[[ COLLECTED DATA open ]]

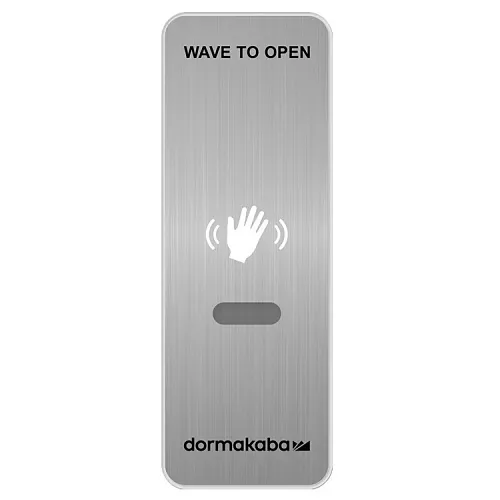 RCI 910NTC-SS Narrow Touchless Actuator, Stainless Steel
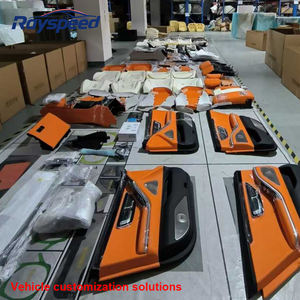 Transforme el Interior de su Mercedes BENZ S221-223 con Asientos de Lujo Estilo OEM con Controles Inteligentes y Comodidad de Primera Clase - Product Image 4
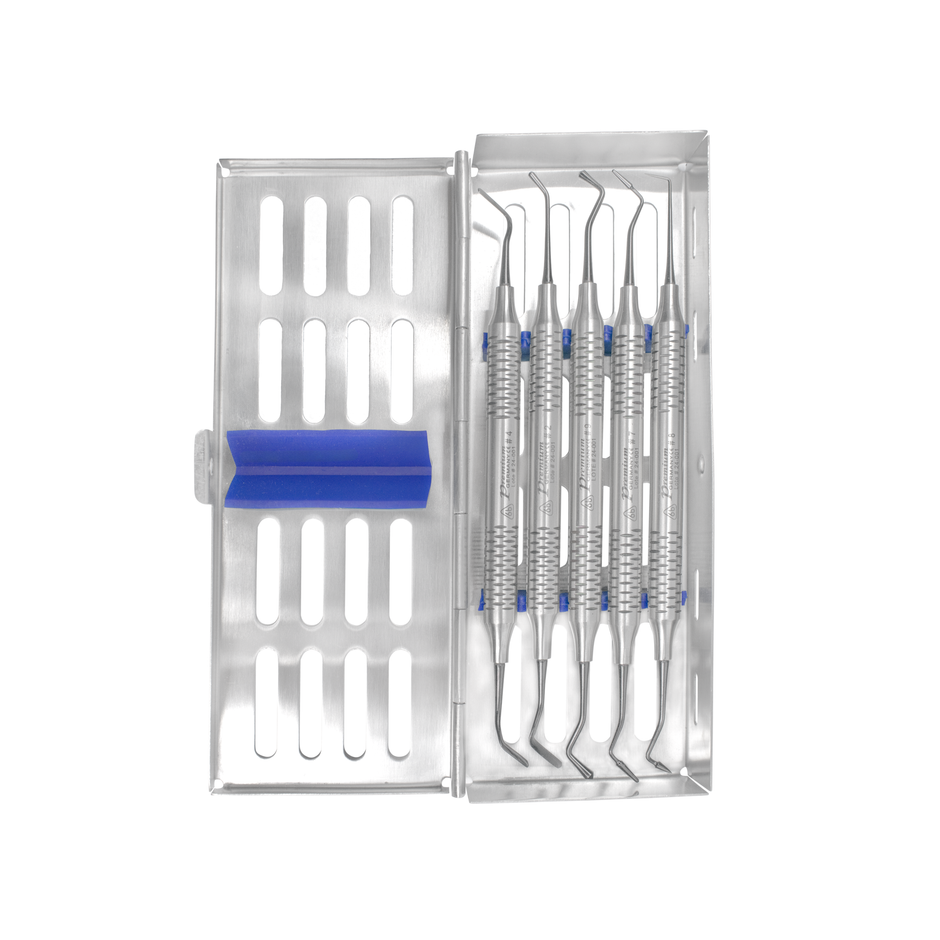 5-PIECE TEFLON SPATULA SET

[[ COLLECTED DATA closed ]]

## TASK DETAILS
Pictures stay out; everything else in the listing above gets restated word for word.

## EXERCISE OUTPUT
 RCI 910NTC-SS Narrow Touchless Actuator, Stainless Steel
 Transforme el Interior de su Mercedes BENZ S221-223 con Asientos de Lujo Estilo OEM con Controles Inteligentes y Comodidad de Primera Clase - Product Image 4
 5-PIECE TEFLON SPATULA SET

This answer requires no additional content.